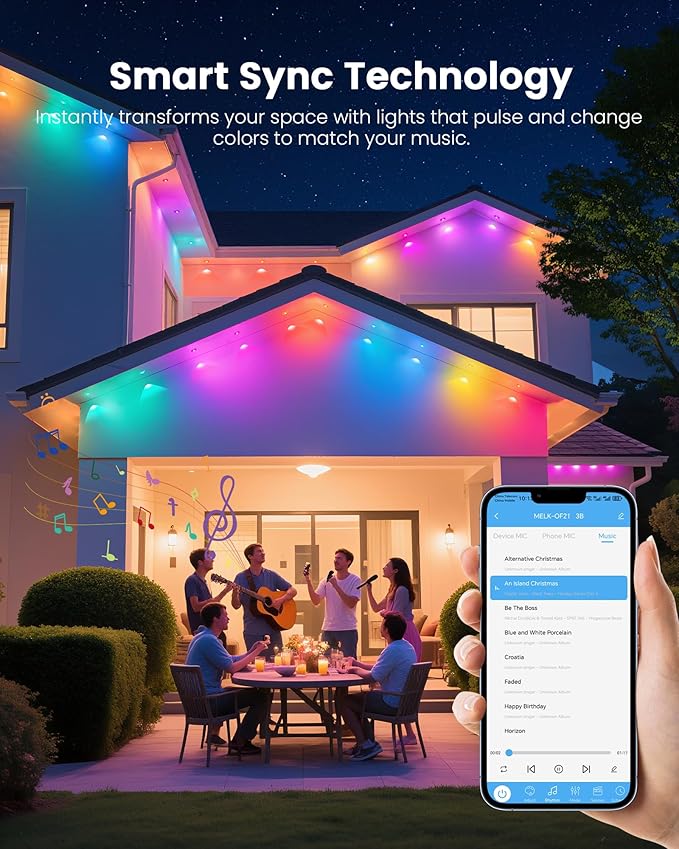 KISUFU 50FT Permanent Outdoor Lights for House, 24V RGB+IC Smart Outside Lights with 221 Modes, App & Remote Control, IP68 Waterproof, Year-Round Roof & Eaves Lighting for Christmas, Holidays (50FT)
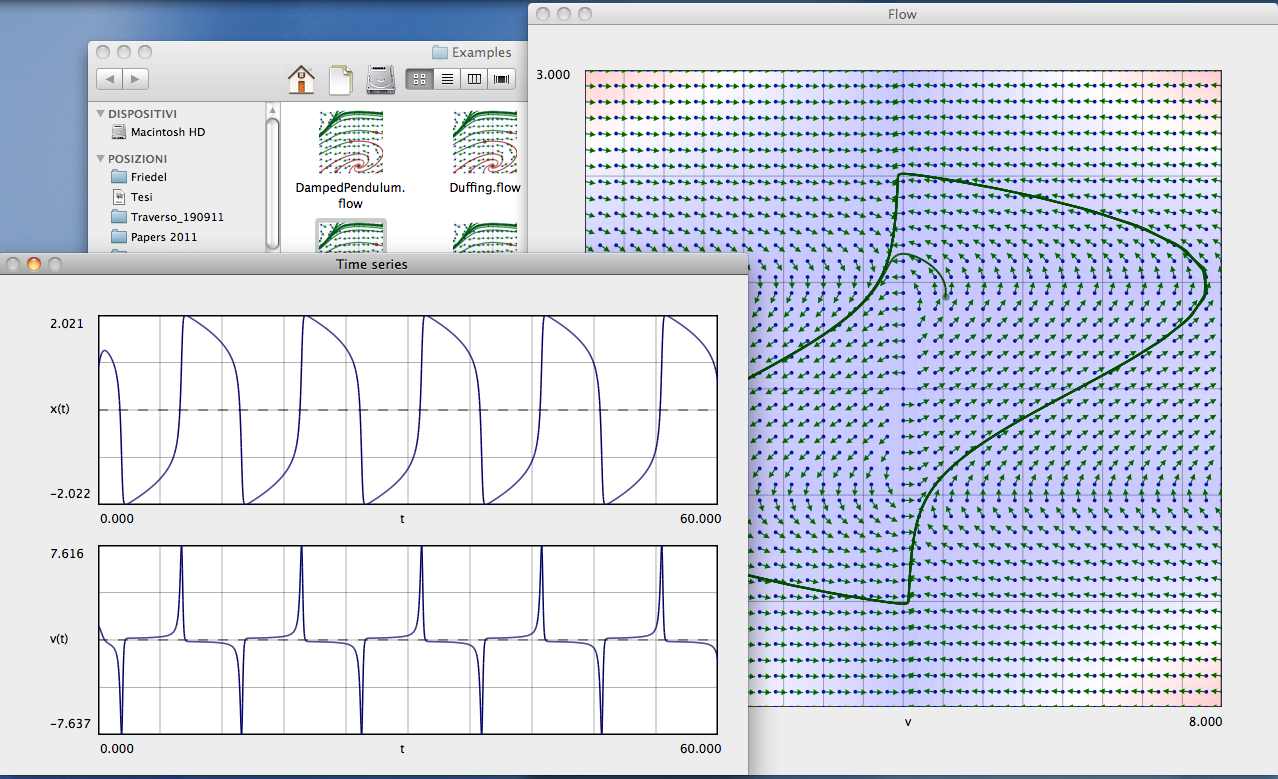 Uno screenshot di Flow. Qui si studia un oscillatore di Van Der Pol. E' chiaramente visibile il suo ciclo limite. La finestra &quot;Time series&quot; mostra le soluzioni numeriche delle equazioni differenziali, che evidenziano le caratteristiche &quot;oscillazioni di rilassamento&quot;.
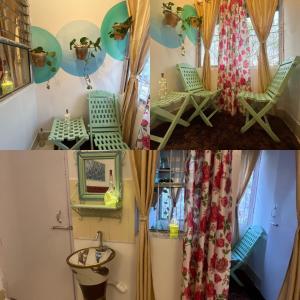 uma casa de banho com um lavatório, uma cadeira e um espelho. em The Divine Abode Homestay 1 em Guwahati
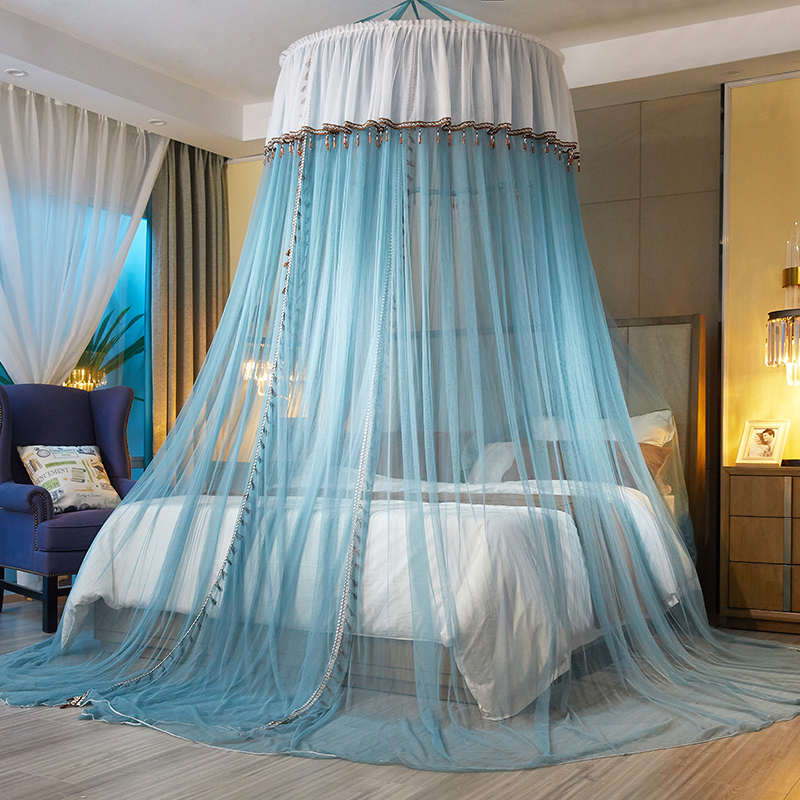 吊顶圆顶公主风欧式蚊帐家用免安装2.0米床1.5m1.8双人吸顶纹账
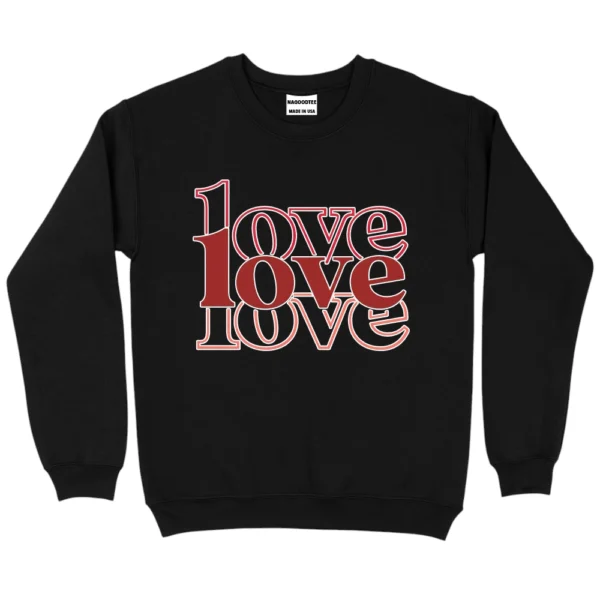 Love Couple Happy Valentine's Day Sweatshirt - Black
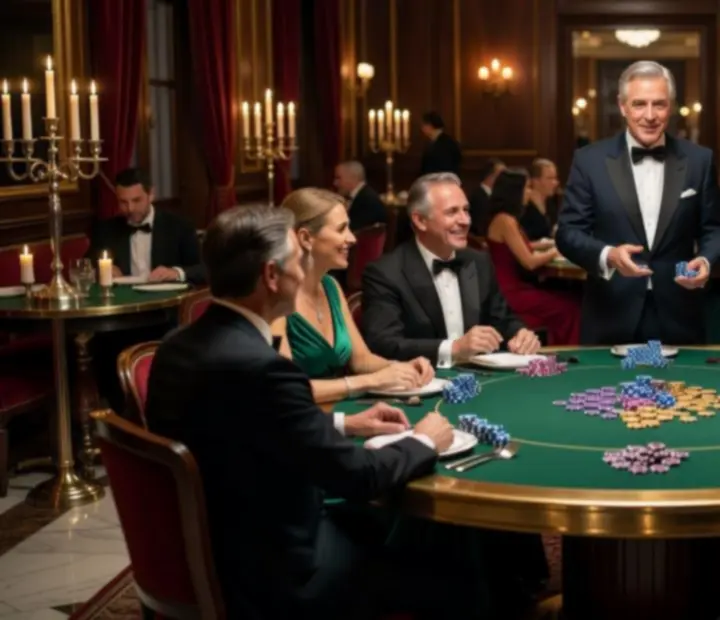 Table de poker élégante dressée dans un restaurant gastronomique, invités bien habillés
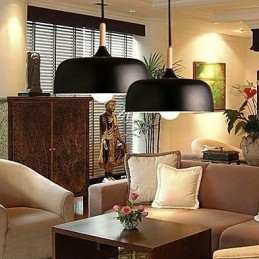 Lampada a sospensione country in metallo verniciato nero e bianco 3 luci E26/E27
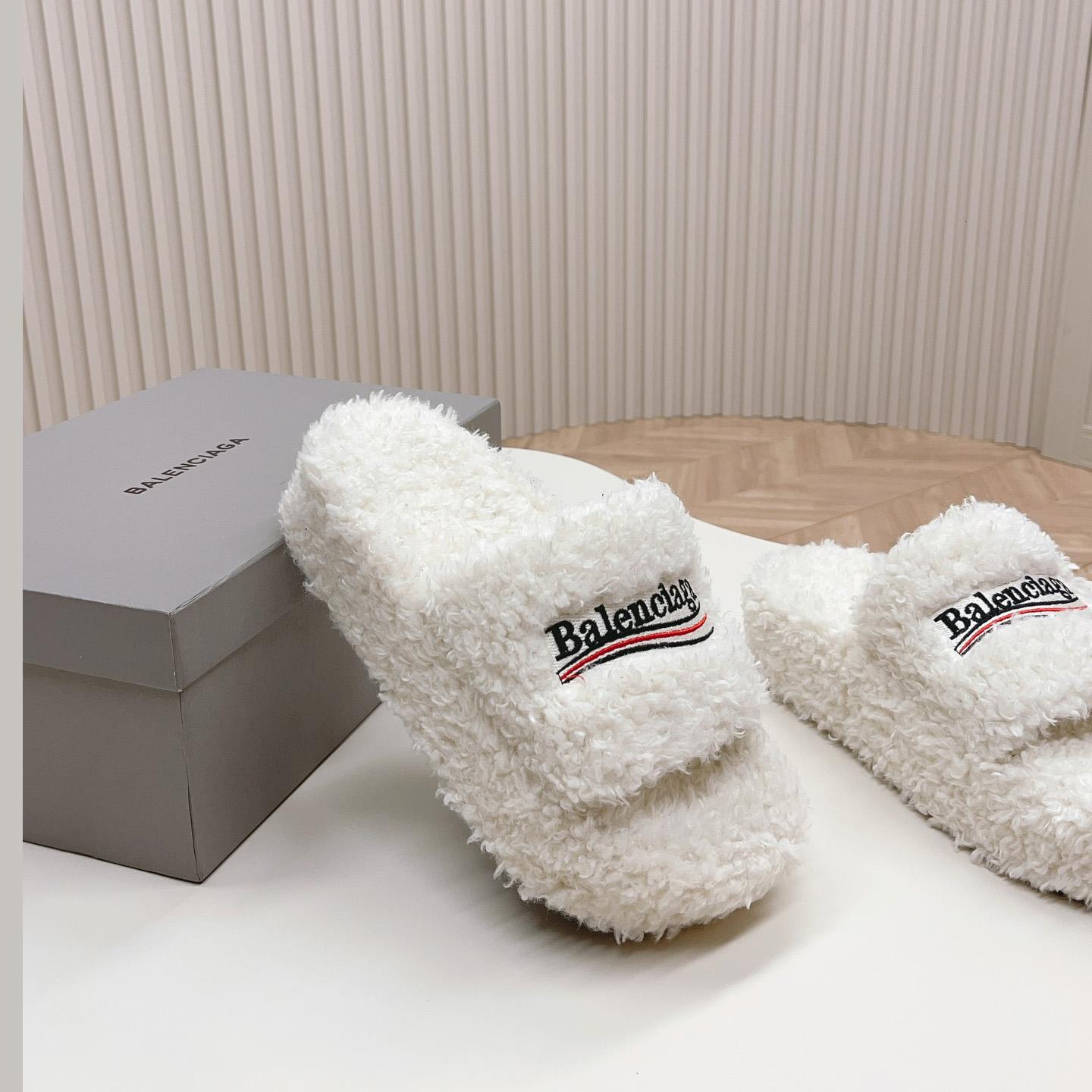 Balenciaga Furry Platform Sandal In White - DopestKickz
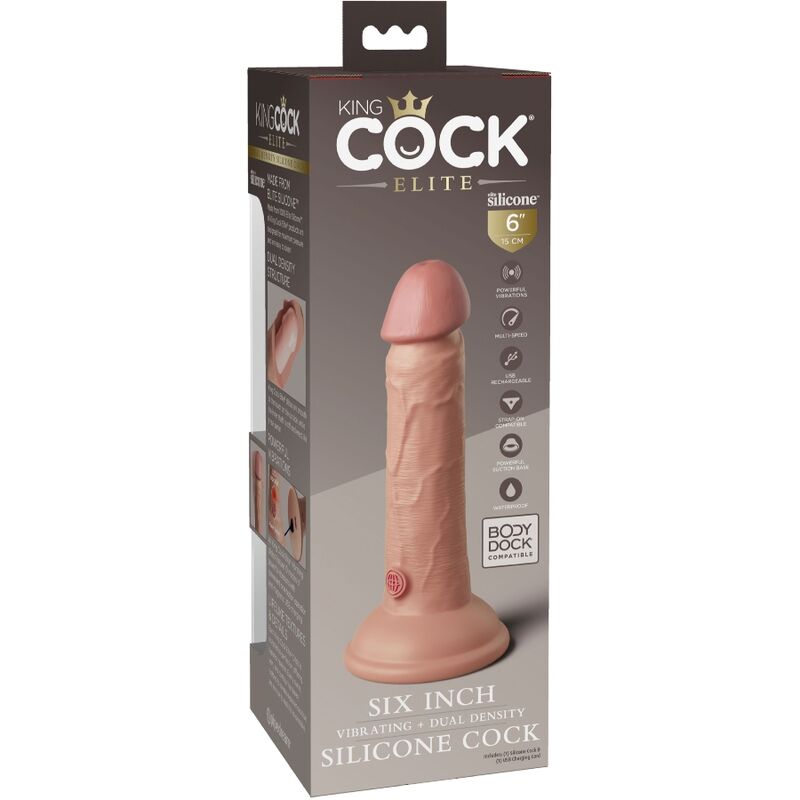 KING COCK - ELITE REALISTISCHER DILDO MIT VIBRATION UND SILIKON 15.2 CM – realistischer Dildo Bild 14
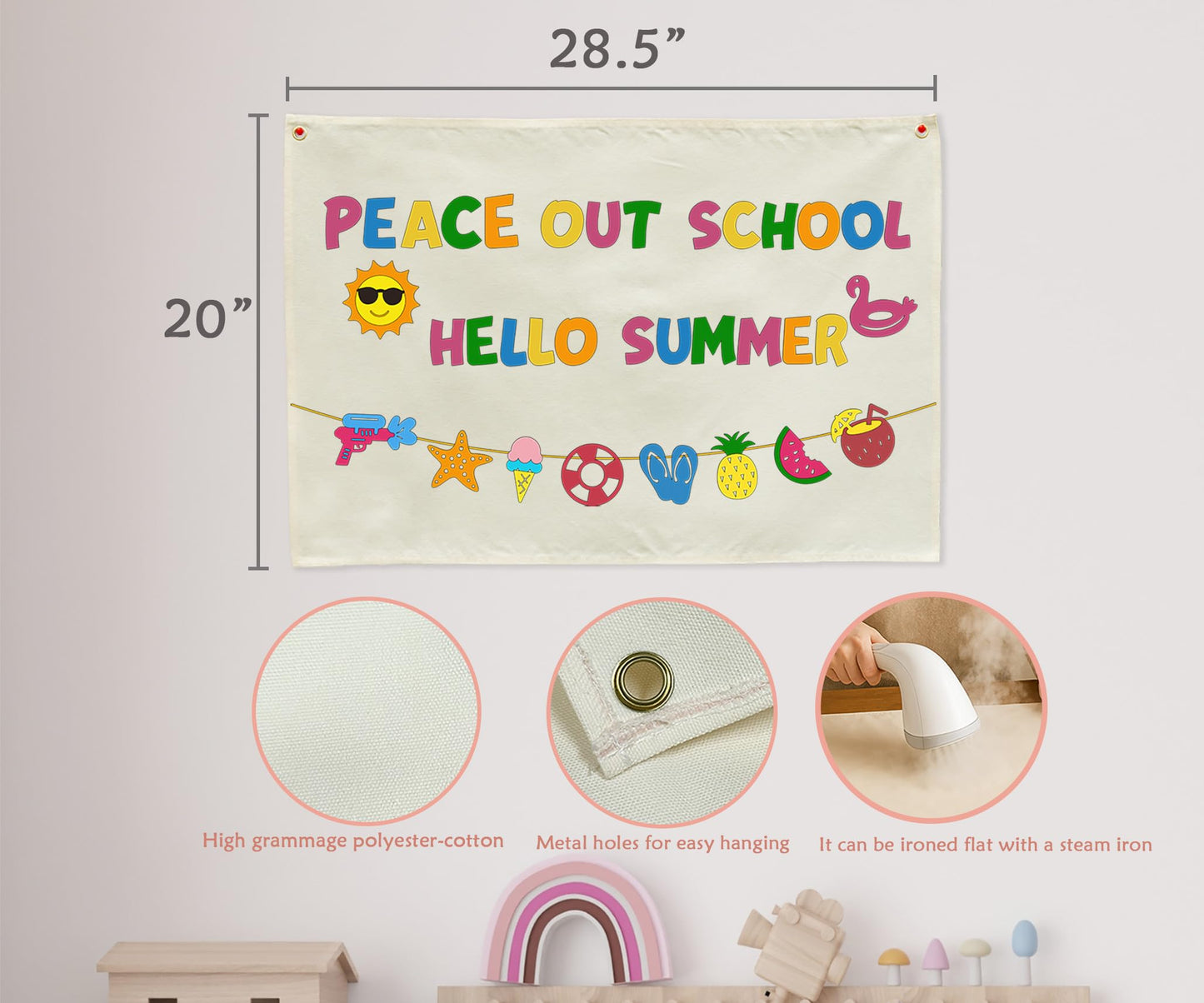 Welcome Party Banner Decor Accessories-Rectangular Canvas Banner Poster Wall Sign-Entryway Outdoor Garden Front Door Flag-Birthday Anniversary Wedding Christmas Gift-Peace Our School Hello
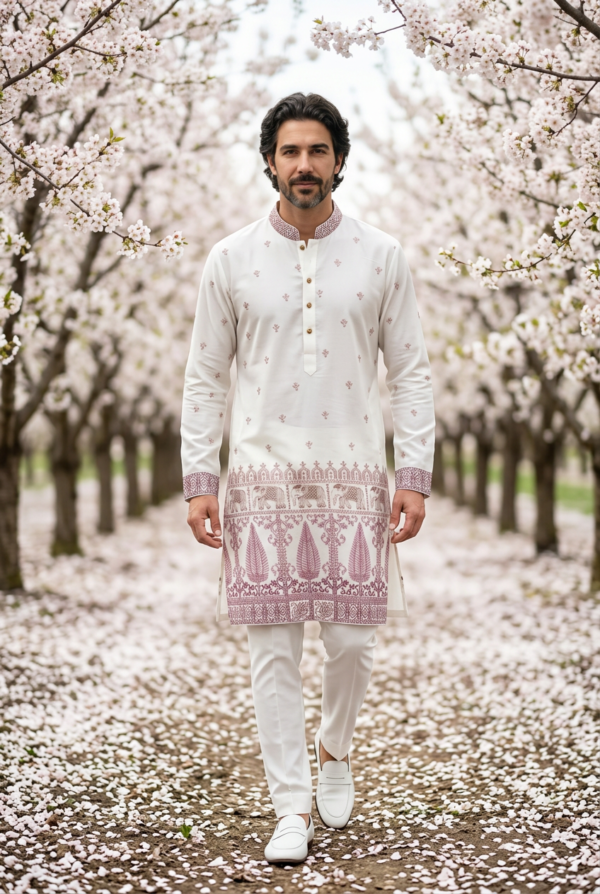 Ivory Rose Heritage Embroidered Kurta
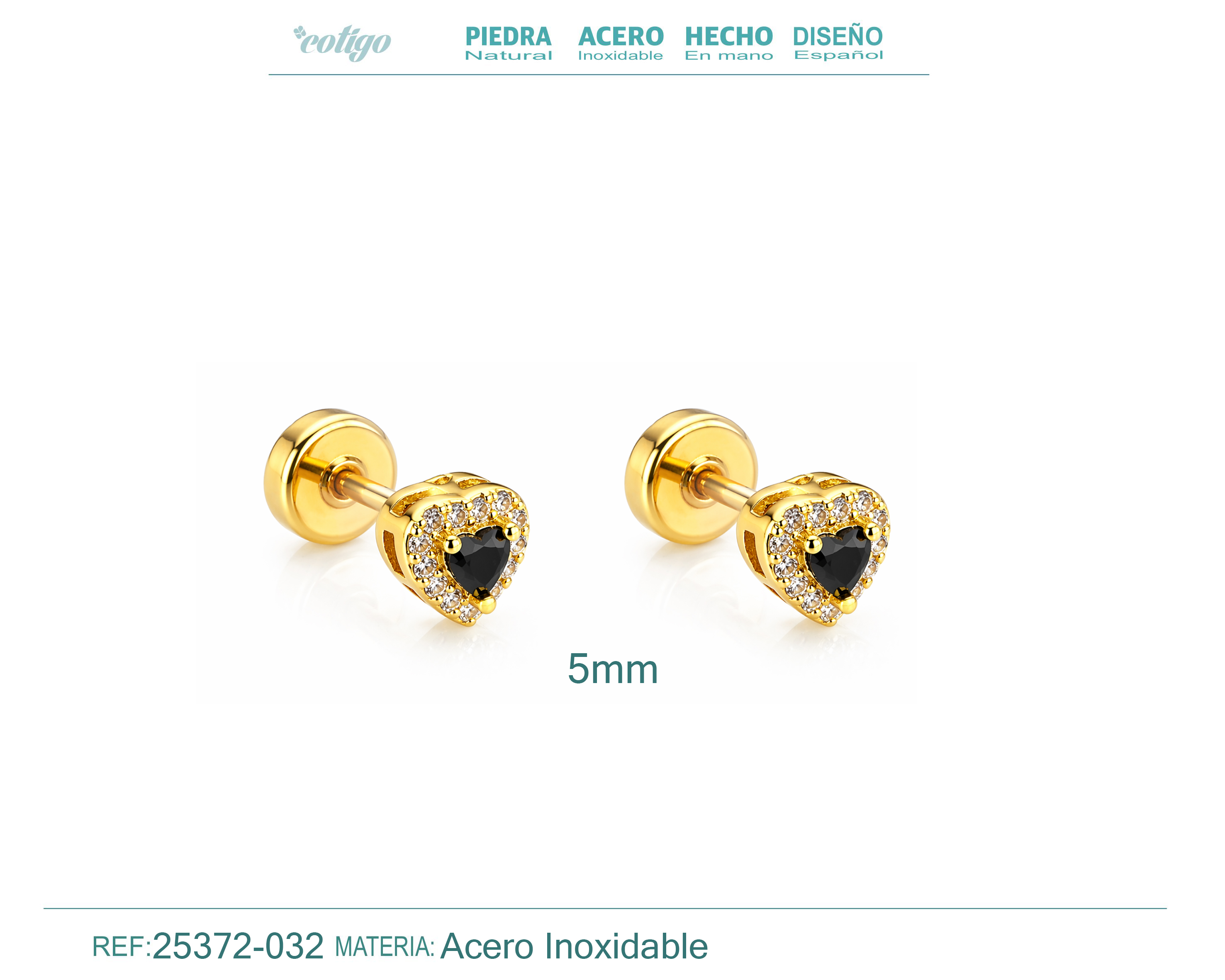Pendiente-Piercing Bañado Oro 18K y con Circonita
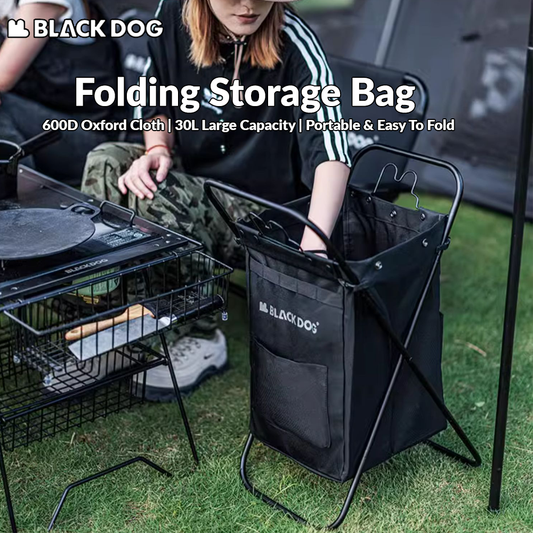 BLACKDOG Folding Storage Bag 30L Capacity Outdoor Camping Portable Large Capacity Bag Trash Bin Basket Home Foldable Laundry Handbag Box Hiking Black Dog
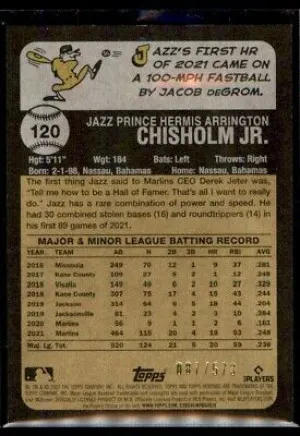 Jazz Chisholm Jr. 2022 Topps Heritage Chrome Red Refractor 087/573 #120 Miami back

•••

Exercise brief >> Leave out all pictures and retype precisely the lines that run from the line containing "Ivory Rose Heritage Embroidered Kurta" to the last line of the records.

Answer for the task >>
 Ivory Rose Heritage Embroidered Kurta
Pendiente-Piercing Bañado Oro 18K y con Circonita
 BLACKDOG Folding Storage Bag 30L Capacity Outdoor Camping Portable Large Capacity Bag Trash Bin Basket Home Foldable Laundry Handbag Box Hiking Black Dog
 Jazz Chisholm Jr. 2022 Topps Heritage Chrome Red Refractor 087/573 #120 Miami back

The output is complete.